Here's what you'll need from either your local Homebrewer store (recommended for rookies) or what you can find:
A large plastic bucket that can hold 5 gallons, with a lid with a small hole at the top for a run off hose where the CO2 can escape.
A carboy
Sanitizer
Bottles, jugs or a keg/firkin to put the finished product.
Now the rest:
5 gallons Indian Summer apple cider, or any apple juice/cider that does not contain phosphates or preservatives. Those will kill the yeast.
Minimum of 2 lbs of brown sugar
One vial of White Labs English Cider yeast, or whatever yeast.

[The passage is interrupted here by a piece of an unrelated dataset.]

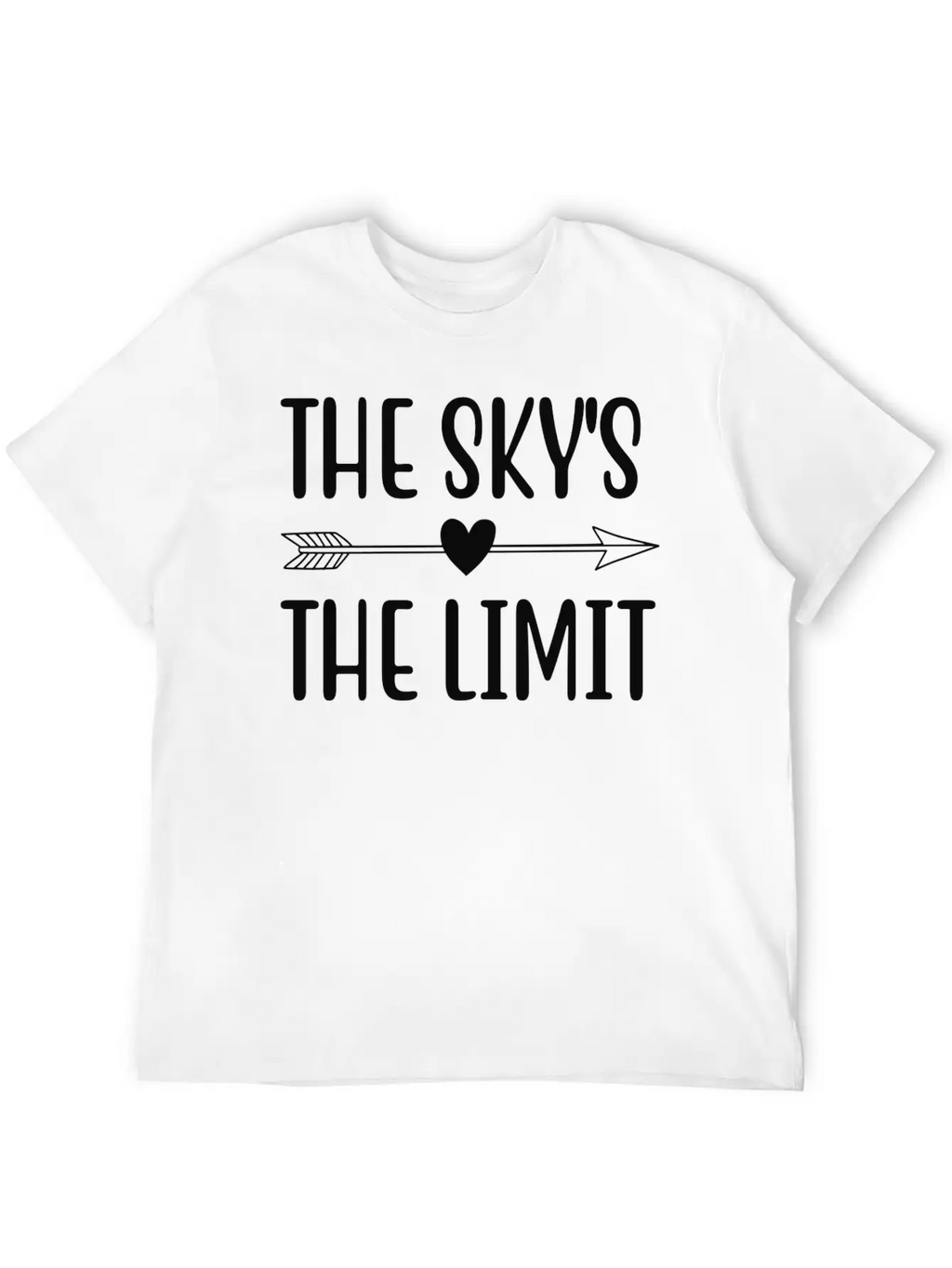 THE SKY S THE LIMIT Unisex Short Sleeve Soft Cotton T-Shirt – Casual Everyday Wear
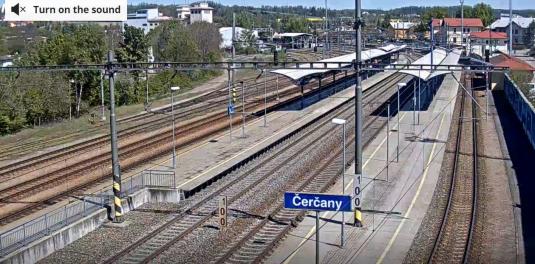 Cercany Railway Station Trains Spotting Web Cam Cercany Czech Republic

Pour the cider into a SANITIZED bucket for your primary fermentation, then the brown sugar and then the yeast. Stir with a long SANITIZED spoon or stirrer and cover with the escape valve full of sanitizer or water, or have a sanitized hose with one end left in a small bucket or water.
5-7 days later after the bubbling settles down, move to secondary. Add other ingredients to your liking like honey, cinnamon etc or more brown sugar. I just added cinnamon and a dash of honey.
5-7 days later move into SANITIZED bottles, jugs or kegs. To add carbonation put in a little more sugar for the yeast to eat before bottling. I put some into the original plastic cider jugs before adding "priming sugar". You don't want to try that with plastic. The plastic will expand from the CO2 and possibly explode. Leave cider to age in room temperature for 2 weeks then move to fridge to stop the carbonation process.
Enjoy, the make another batch. The process with premade wine juice is similar, just involves more moving fermentors.